As we consider Him this week and ahead of Advent and Christmas, let’s ask the question who is He calling us to be with, to love and to invite and experience this unfailing hope that we have found in Him?

PRAYER:

Jesus, thank you that you through you we can know God. That we can know that we are no longer outsiders, that we have been welcomed into your family and that brings us hope! Open our eyes God today to those who appear far off, without hope and show us how we can love them and point them to you – Jesus Christ, our living hope. Amen.

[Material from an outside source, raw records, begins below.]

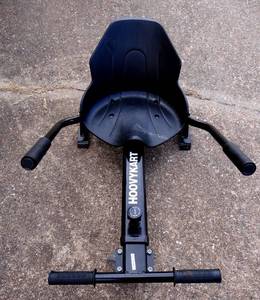 lot 280 image: HoovyKart - Go Kart Conversion Kit for Hoverboards - Safer For Kids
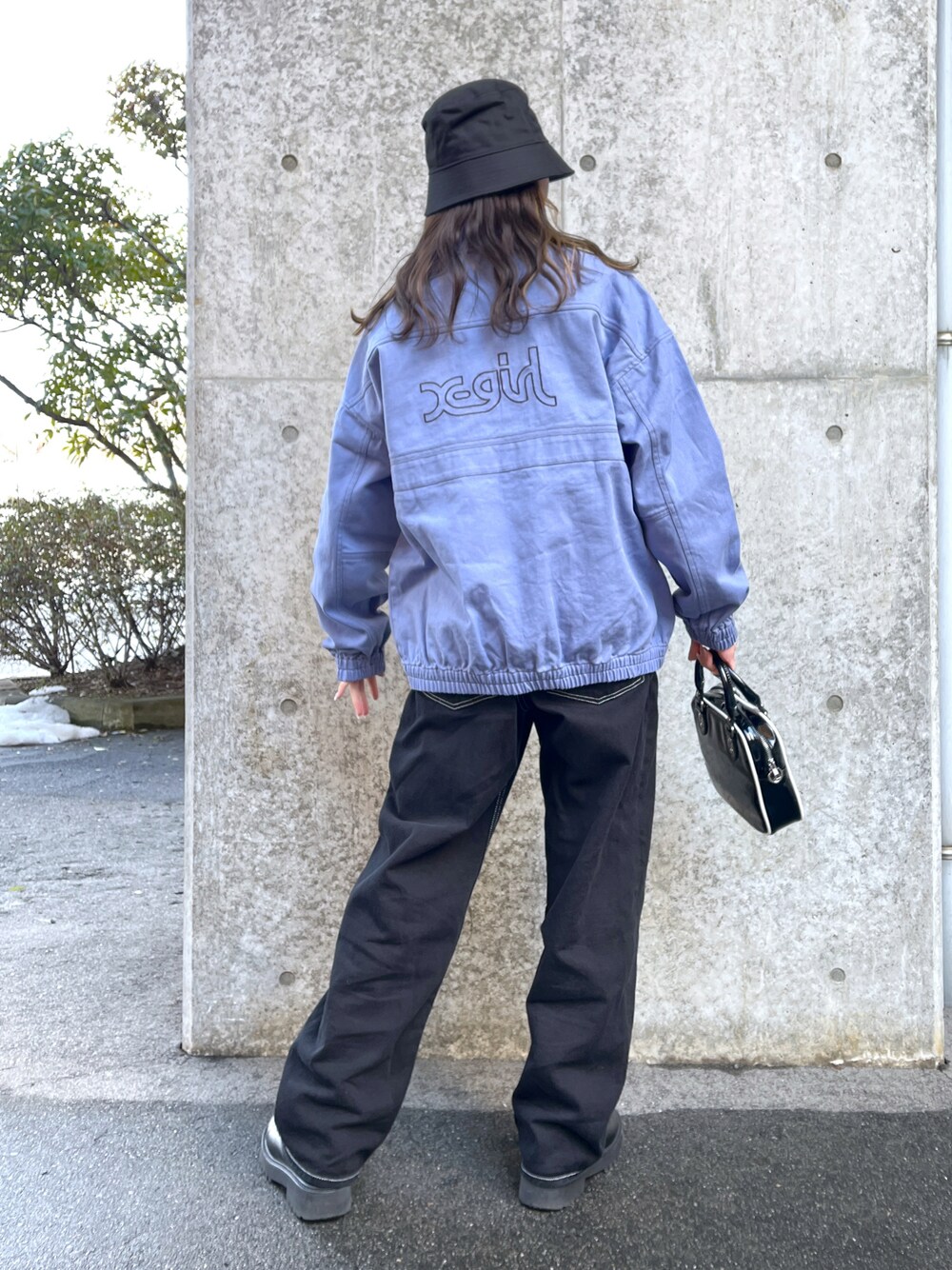 坂田 心｜X-girlのブルゾンを使ったコーディネート - WEAR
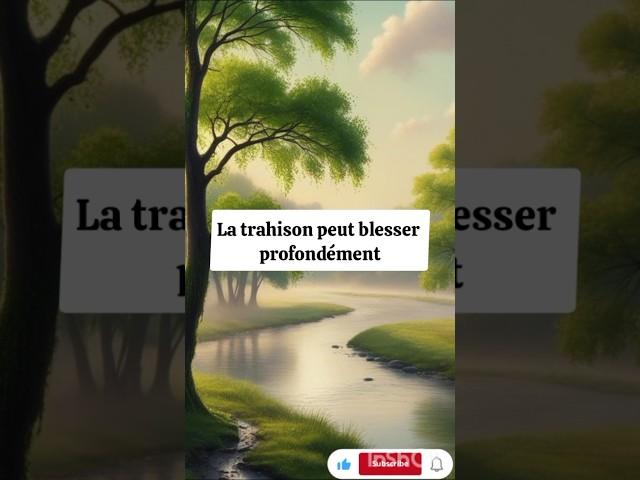 La Trahison Révèle la Vérité  Garde la Tête Haute et Reste Fort! #trahison #motivation #inspiration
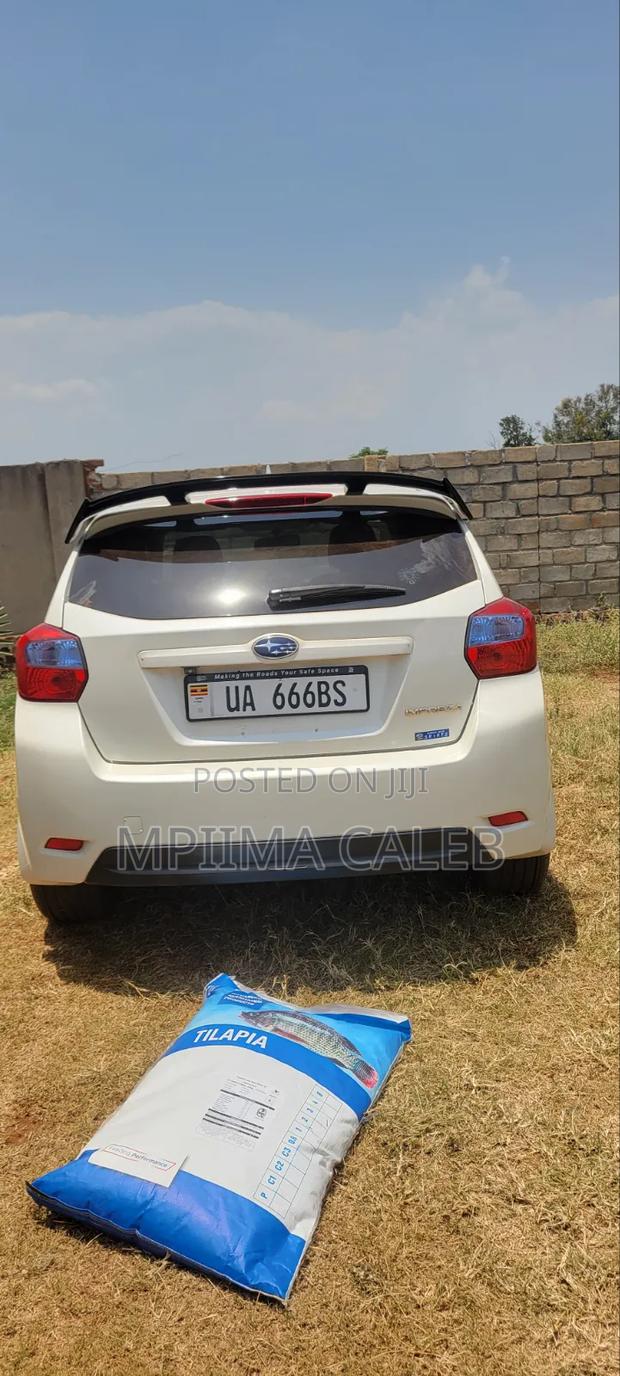 Subaru Impreza 2015 White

BIBLE READING: Ephesians 2:11-16

Therefore, remember that formerly you who are Gentiles by birth and called ‘uncircumcised’ by those who call themselves ‘the circumcision’ (which is done in the body by human hands) – remember that at that time you were separate from Christ, excluded from citizenship in Israel and foreigners to the covenants of the promise, without hope and without God in the world. But now in Christ Jesus you who once were far away have been brought near by the blood of Christ.

For he himself is our peace, who has made the two groups one and has destroyed the barrier, the dividing wall of hostility, by setting aside in his flesh the law with its commands and regulations. His purpose was to create in himself one new humanity out of the two, thus making peace, and in one body to reconcile both of them to God through the cross, by which he put to death their hostility.